■ PROBLEM ■
Only an exact copy is wanted: the lines from the one holding "紫外線消毒燈有用嗎？GPLUS 紫消燈開箱心得&使用注意事項，防疫神器團購優惠" through the last line below, minus the pictures.

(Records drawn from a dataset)
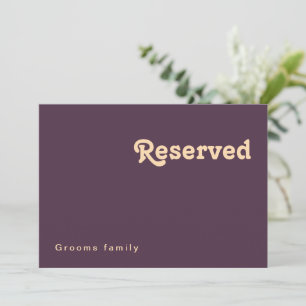 Modernes Retro Dunkles Lila Vorbehaltszeichen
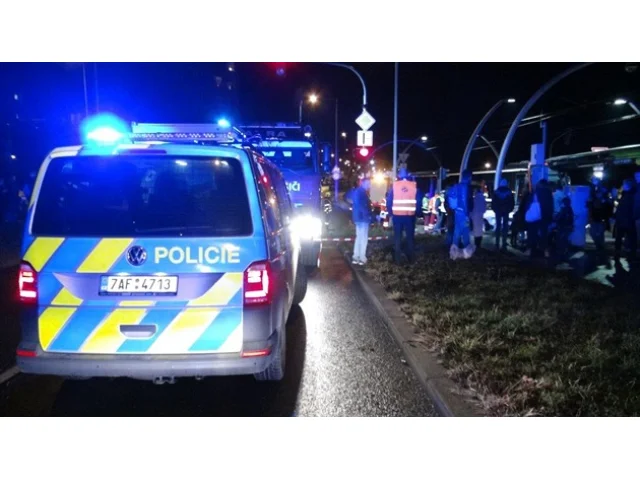 Policejní auto srazilo v Plzeňské ulici v Praze chodce, ten na místě zemřel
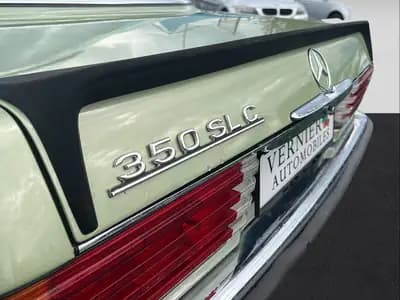 Mercedes-Benz SLC 350 — Coupé sportif de légende, véhicule vétéran suisse certifié — Miniature 10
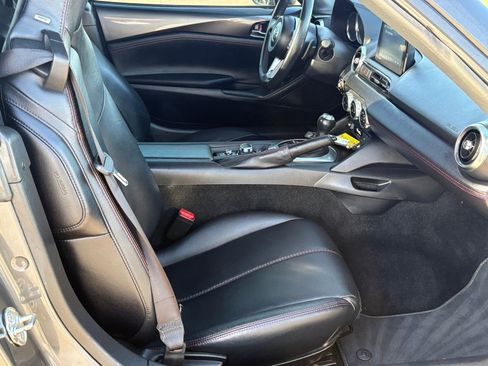 Used 2019 MAZDA MX-5 Miata RF Grand Touring image 33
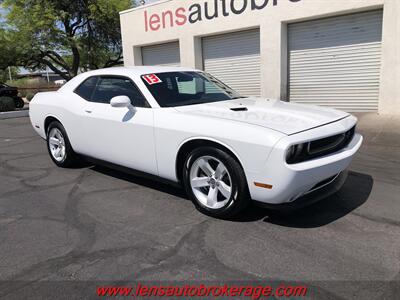 2013 Dodge Challenger SXT   - Photo 2 - Tucson, AZ 85705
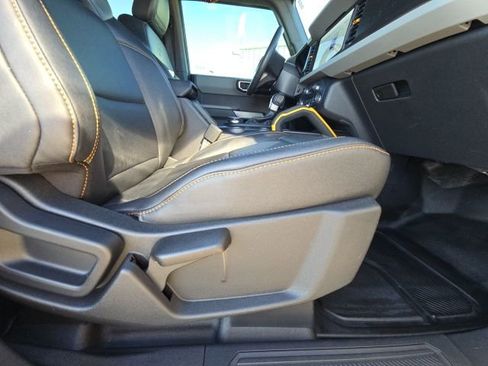 Used 2023 Ford Bronco Badlands w/ Sasquatch Package image 15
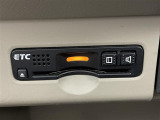 【ETC】有料道路を利用する際に料金所で停止することなく通過できる、ETC車載器(ノンストップ自動料金収受システム機器)が装備されています。セットアップを行うことで利用可能になります。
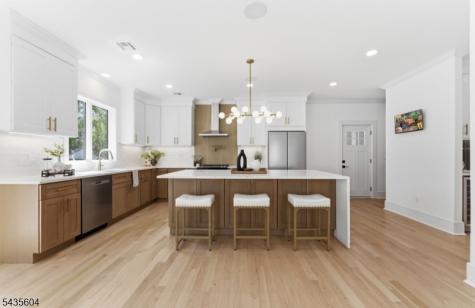 110 Platt Avenue Saddle Brook NJ 07663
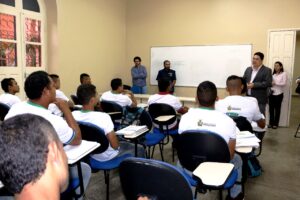 Imagem da notícia - Ex-limpadores de para-brisas iniciam curso de qualificação oferecido pelo Governo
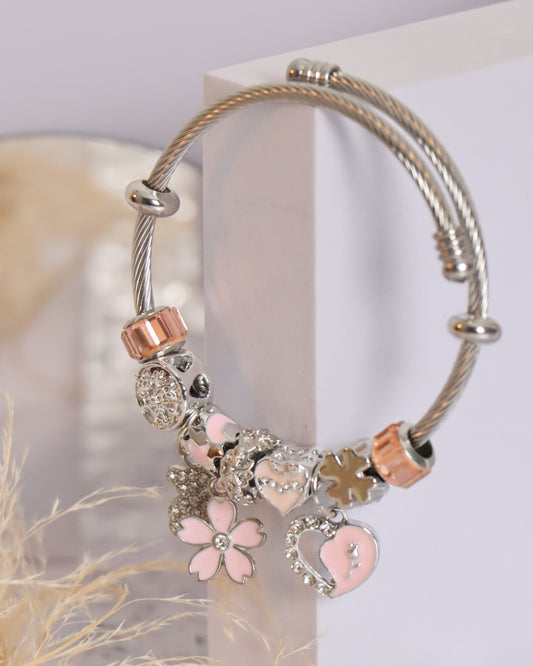 Pulseira prateada com pendentes em rosa e prateado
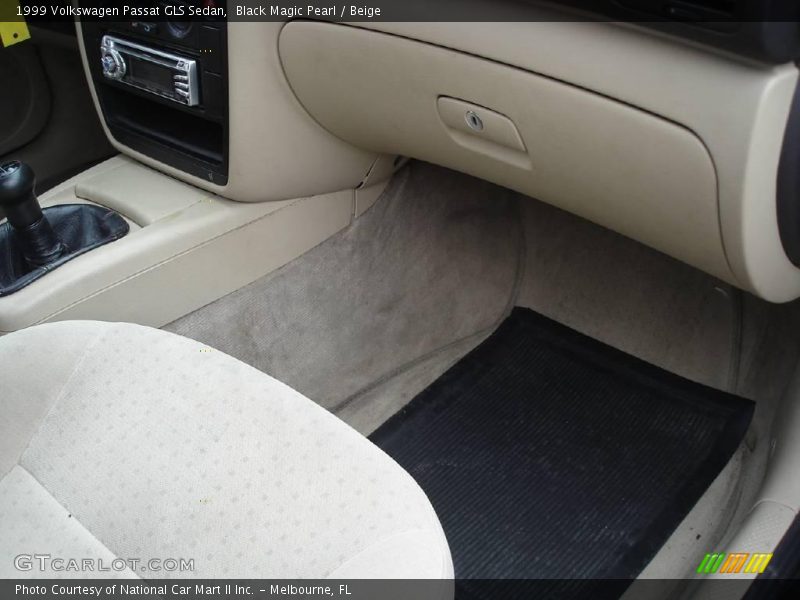 Black Magic Pearl / Beige 1999 Volkswagen Passat GLS Sedan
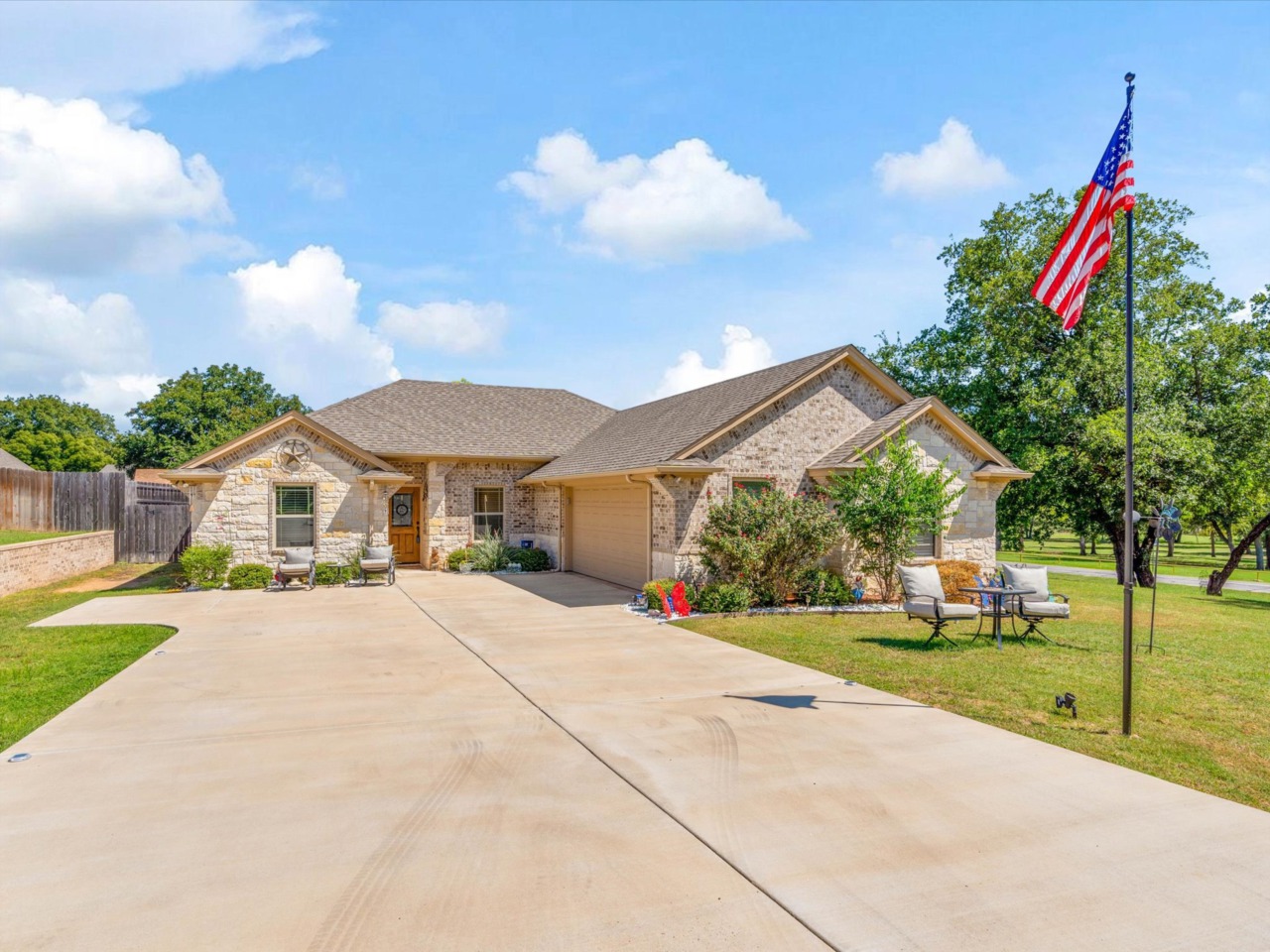 6501 Choctaw Court Granbury, TX 76049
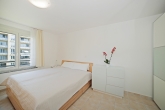 Sehr gepflegte, sonnige 3 Zimmerwohnung in grüner ruhiger Lage mit Süd u.Westbalkon in Milbertshofen - Schlafzimmer Eltern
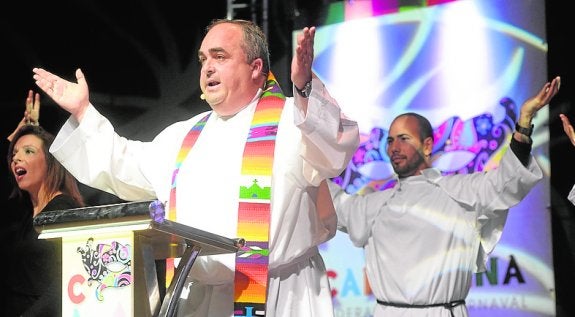 El concejal de Festejos «oficia» el pregón de Carnaval vestido de cura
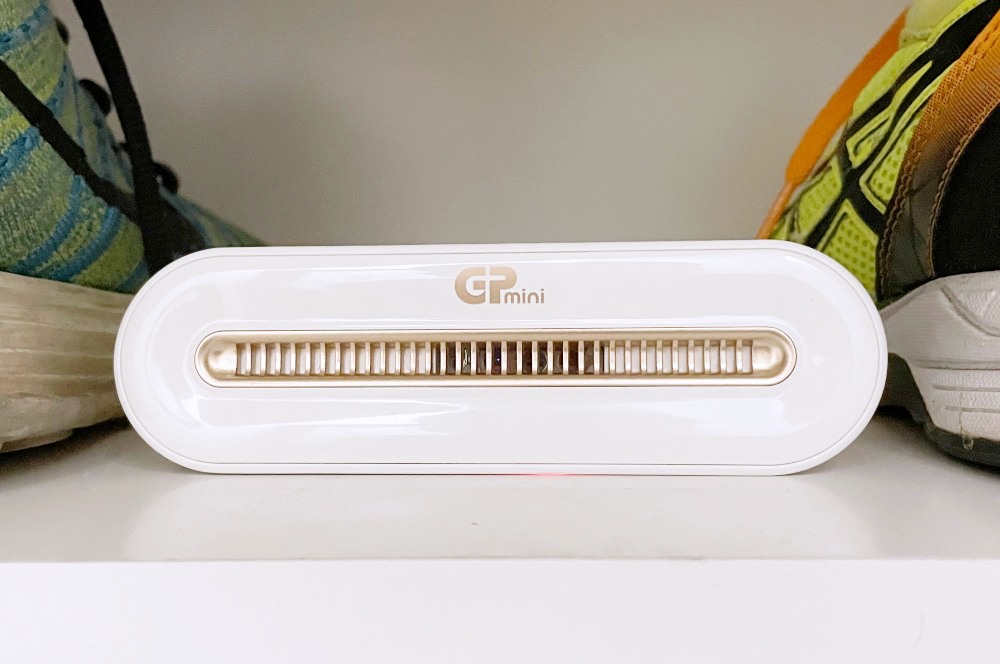 紫外線消毒燈有用嗎？GPLUS 紫消燈開箱心得&使用注意事項，防疫神器團購優惠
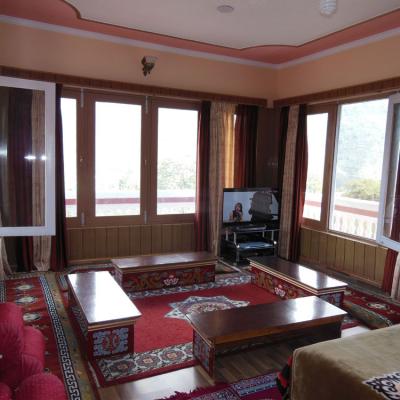 Apple Tree Luxury Cottage No.5 - Best Mountain Face Cottage in Kullu Manali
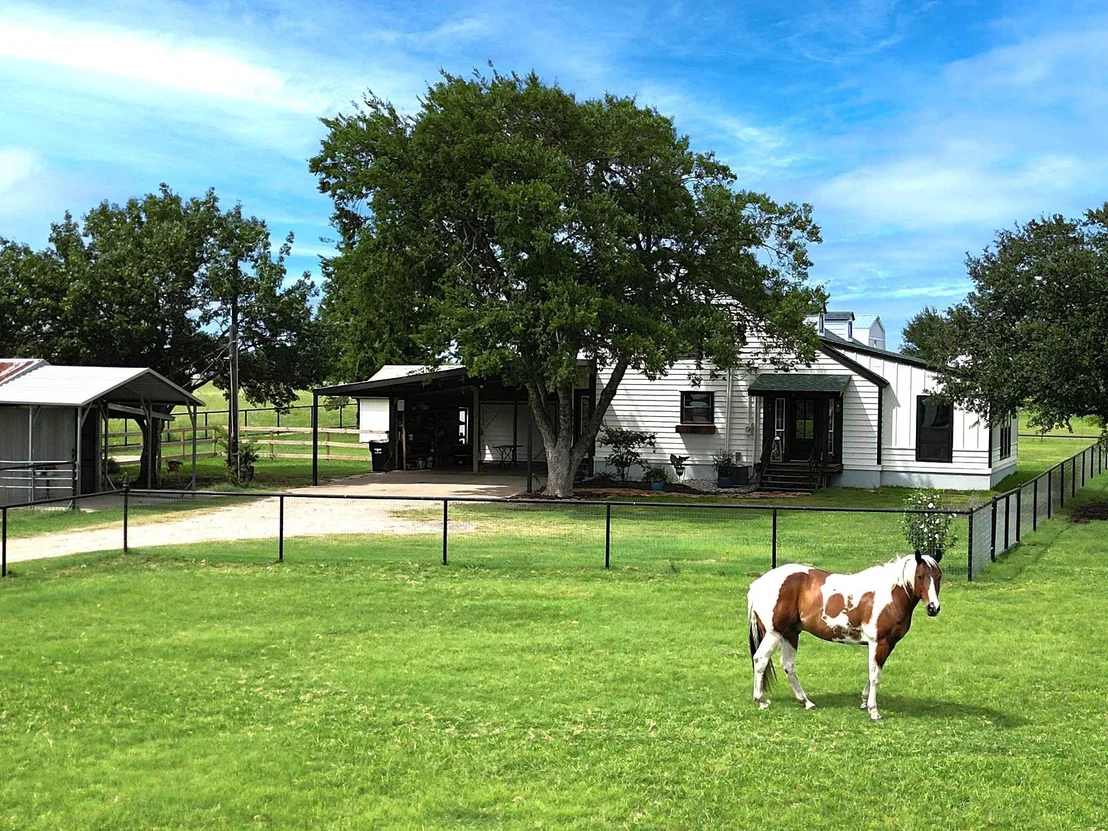 Photo of 5974 County Road 4100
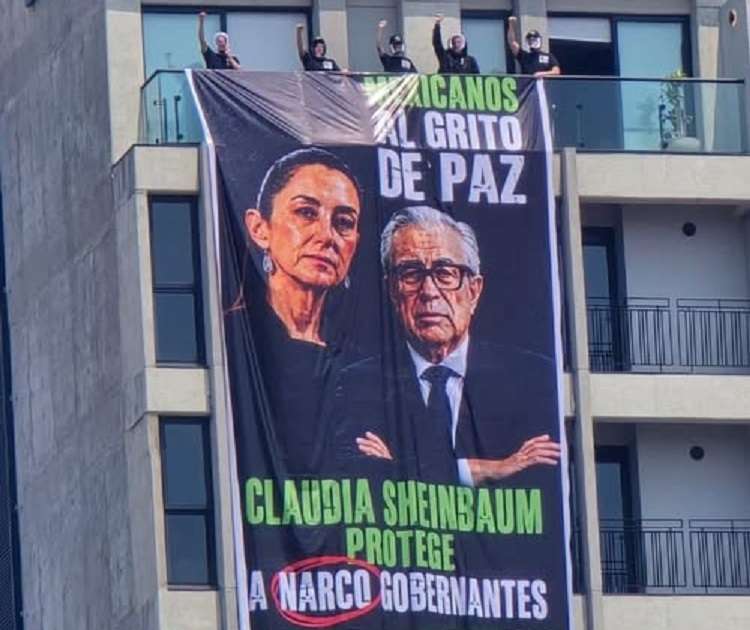 Despliegan manta contra Sheinbaum y Rocha Moya durante mitin
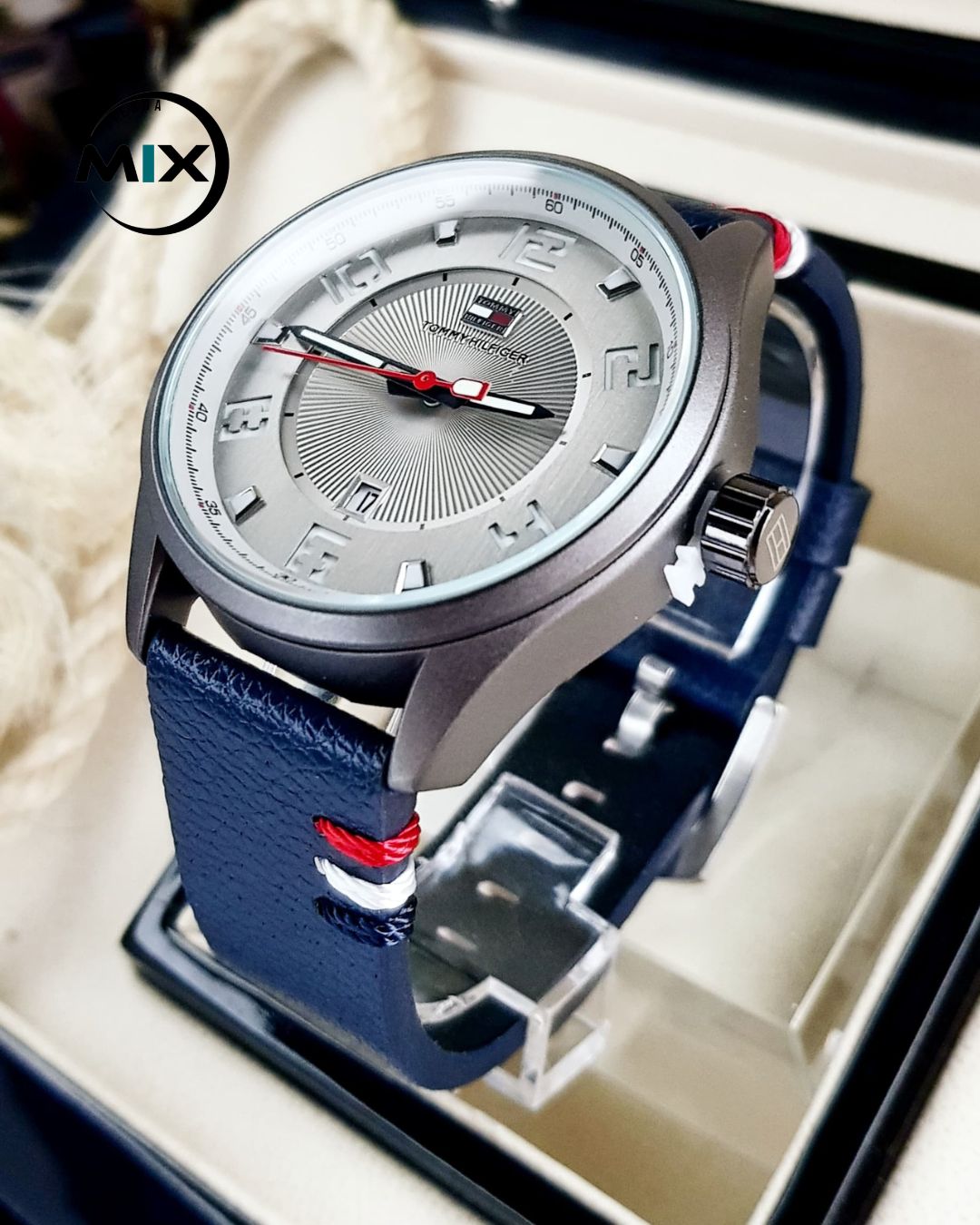 RELOJ TOMMY CUERO FUSE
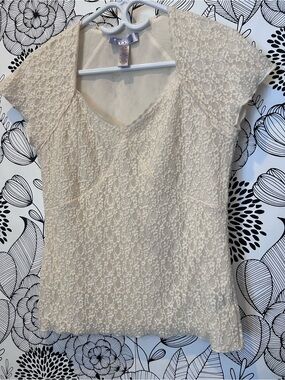 Nine & Co. Cream Lacy Sweetheart Top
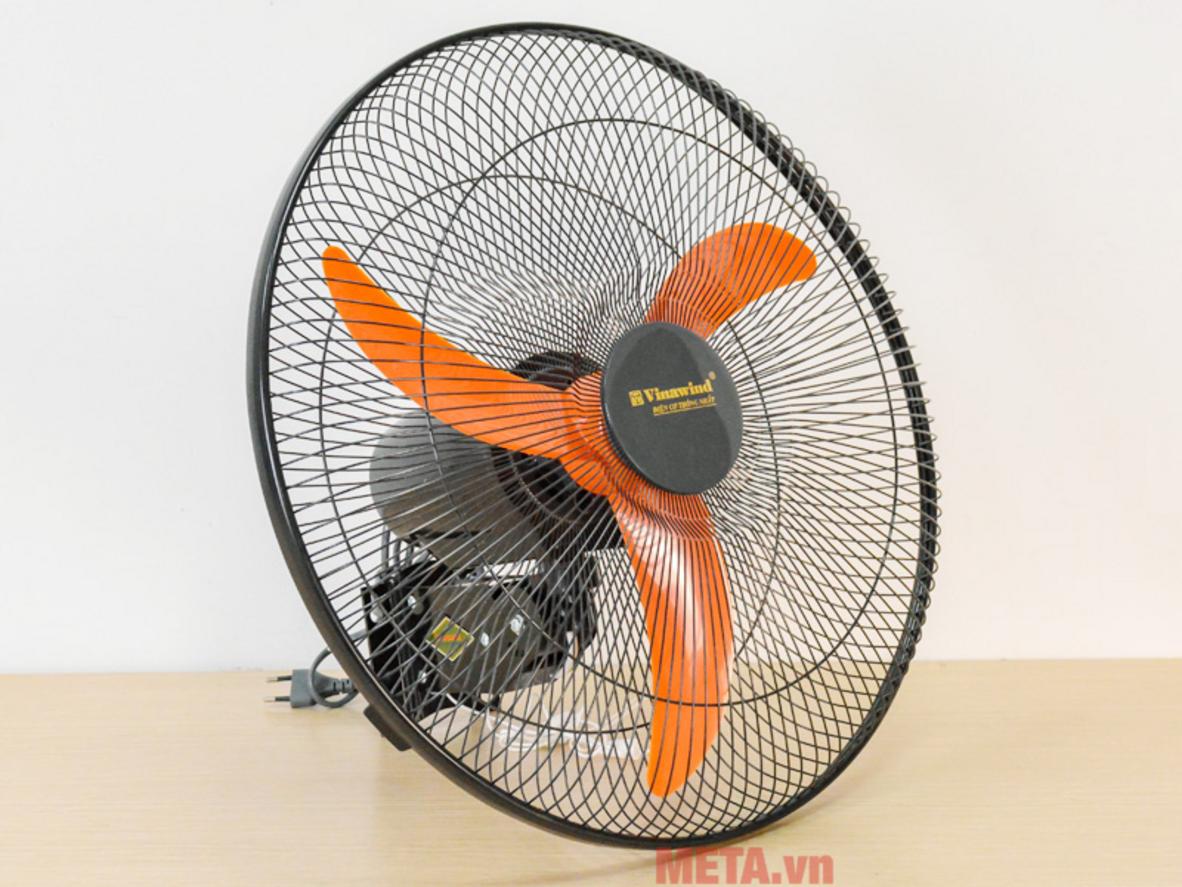 Sải cánh 45cm và công suất 50W giúp quạt treo tường Vinawind 450-ĐM thổi gió rộng, tiết kiệm điện.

■ SOLVED EXERCISE ■
 紫外線消毒燈有用嗎？GPLUS 紫消燈開箱心得&使用注意事項，防疫神器團購優惠
 Apple Tree Luxury Cottage No.5 - Best Mountain Face Cottage in Kullu Manali
 Photo of 5974 County Road 4100
 Despliegan manta contra Sheinbaum y Rocha Moya durante mitin
 RELOJ TOMMY CUERO FUSE
 Nine & Co. Cream Lacy Sweetheart Top
 Sải cánh 45cm và công suất 50W giúp quạt treo tường Vinawind 450-ĐM thổi gió rộng, tiết kiệm điện.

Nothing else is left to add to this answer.